As the Party Secretary of Yangzhou, Ji Jianye’s approach to urban planning earned him a nickname as “the Bulldozer”. The moniker stuck when he arrived in Nanjing as mayor, where he earned few admirers for a mass felling of the city’s wutong trees (see WiC100).
So when Ji was nabbed in October by anti-corruption officials, Nanjing residents celebrated with fireworks, reports Century Weekly magazine.
In typical Party-speak, Ji is alleged to have committed “grave disciplinary violations”, making him the latest victim of President Xi Jinping’s campaign to tackle graft. Late last month, the Beijing News reported that businessmen are being dragged into the case, all of whom have connections to Ji or benefited from his largesse in Suzhou, Yangzhou and Nanjing.
Comparisons are even being drawn with the jailed cadre Bo Xilai, who forged a lucrative partnership with tycoon Xu Ming.
Both cases highlight a major flaw in China’s development model, the Beijing News says, as local politicians and business cronies enrich one another in the dash for growth with improper contracts and elaborate kickbacks.
But what may have finally brought Ji down was abuse of the bankruptcy code. It looks like wronged creditors appealed to anti-graft officials, bringing his questionable behaviour to their attention.
The liquidation in question is one of Nanjing’s most publicised bankruptcies. According to Want China Times, the creditors of Nanjing Huafei Colour Display claim they were “cheated” of the company’s most valuable asset – its land.
Journalists were quick to spot the connection with Ji. Just one day after the city boss was detained, the sale of a plot thought to be linked to Huafei was postponed. The local land bureau then confirmed that the land was one of the Huafei assets set to be auctioned after its bankruptcy, with a reserve price of Rmb1.8 billion ($296.4 million).
Investigating further, the Economic Observer points out that the plot had recently been re-zoned from industrial to residential use, resulting in a significant appreciation in its value. This was particularly aggravating for the company’s creditors as the land was valued a year ago at just Rmb163 million.
Back then the plot ended up being sold to Nanjing New Industrial Investment Group. Huafei’s creditors saw none of the proceeds.

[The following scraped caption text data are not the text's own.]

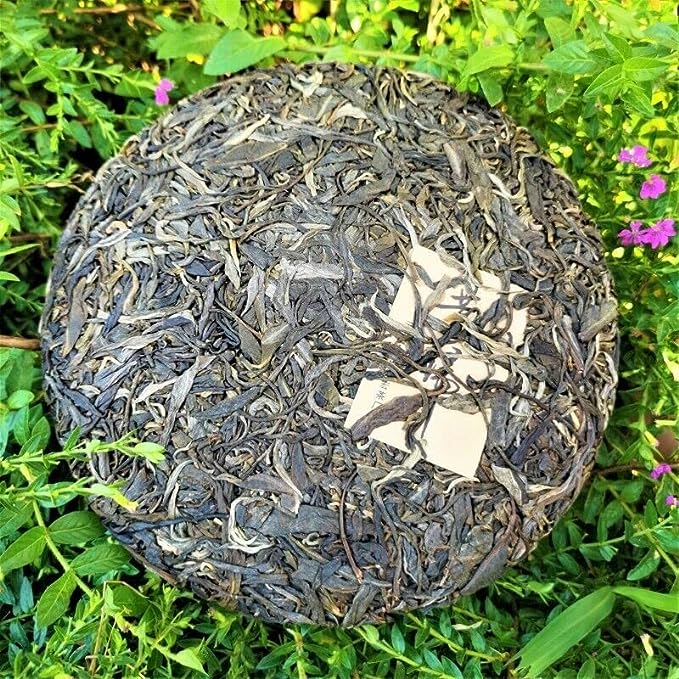 Yunnan Qizi Cake Green Tea Ancient Tree Xigui Pu'er Tea 357g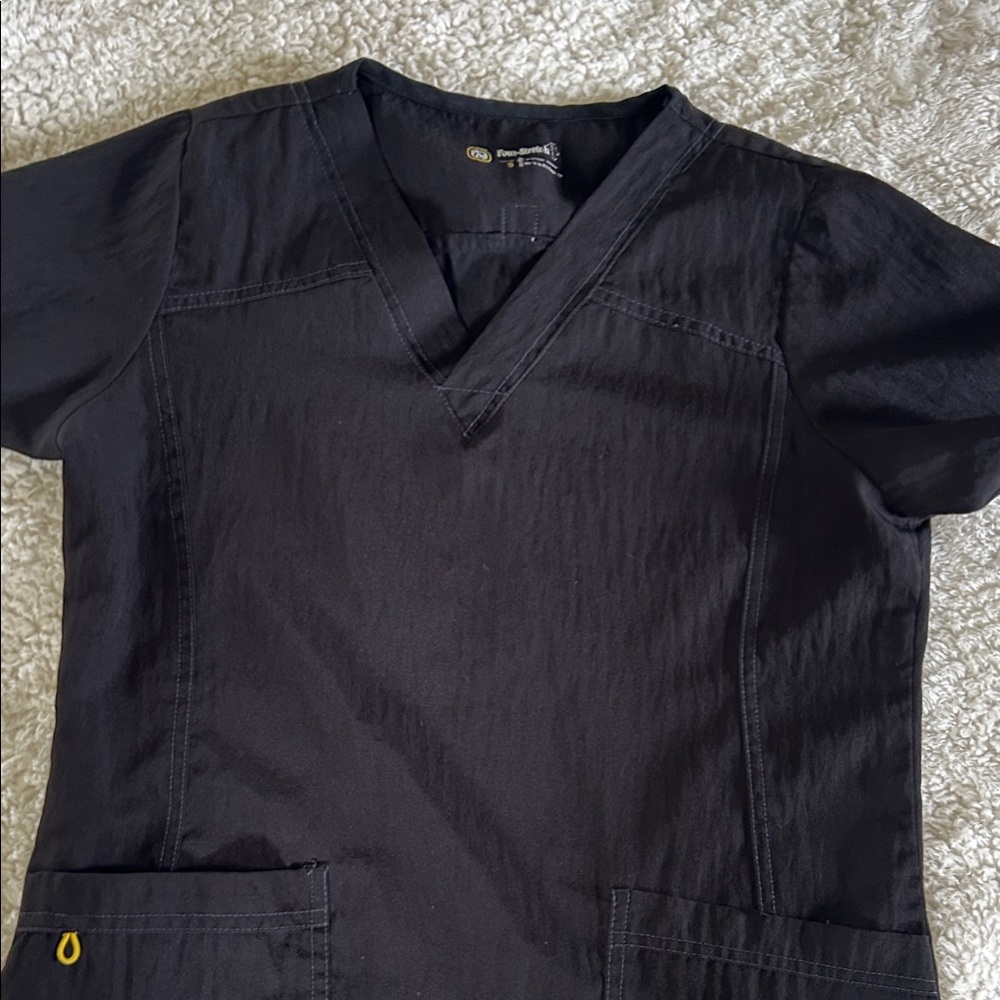 WonderWink Women’s Black V-Neck Scrub Top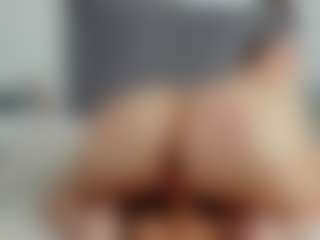Laurel's Live Sex Cam Show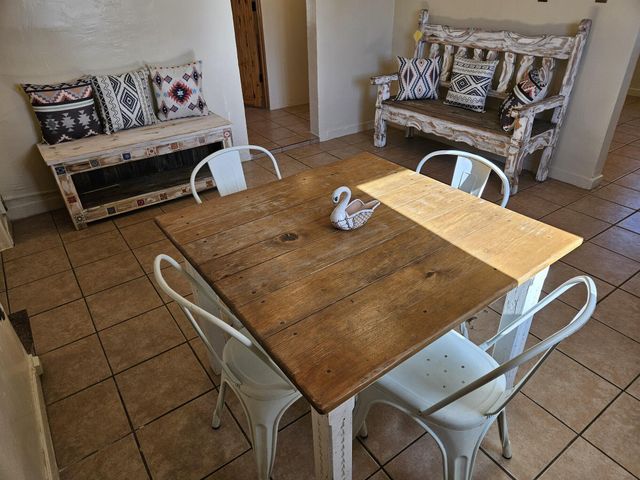 534 MISSION Avenue NE, Albuquerque, NM 87107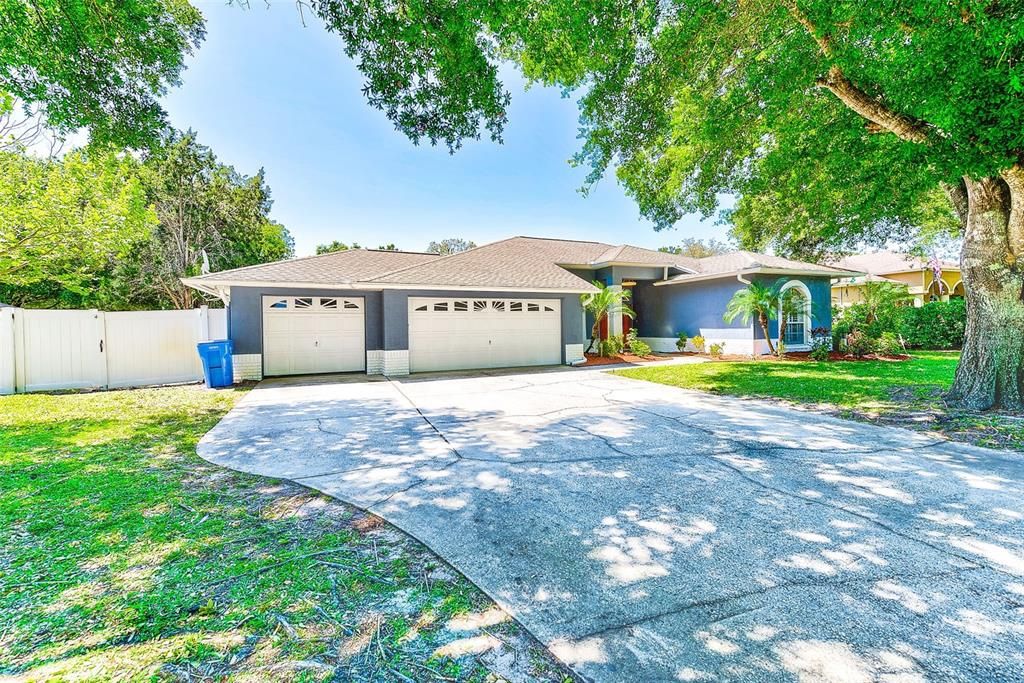 Active With Contract: $795,000 (5 beds, 3 baths, 2619 Square Feet)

The tussle over the land is a longstanding issue – after Huafei went bust owing Rmb850 million to more than 200 suppliers. The creditors argued that plots of land had been mortgaged to the company’s suppliers and should be included in the liquidation of Huafei’s assets.
In April the administrator responsible for the bankruptcy procedure declared that the land did not belong to the liquidated firm, but to the state (Huafei only had the ‘right’ to use it).
“We have been continuously petitioning, and it is clear that the [96,000 square metre] plot’s valuation at Rmb163 million was suspected of manipulation and that it was deliberately undervalued,” one of the creditors told the Economic Observer, further alleging that Ji took control of the bankruptcy case.
Bankruptcy experts speaking to the newspaper said that the land rights had an intrinsic market value and that the subsequent auction should have been conducted in a way that maximised proceeds for creditors.
Instead, creditors were offered a sum of Rmb100 million to settle, but the majority refused the cash.
What happens next in Nanjing isn’t clear.
But if the land in question is sold once again, Huafei’s creditors will be hoping for a major claim on the proceeds.
Nothing has been heard from Ji since he was detained. Whether his charge sheet will include rigging the bankruptcy process is unclear, but local media smell a rat, and assume he and his cronies were set to make big gains from the coveted land.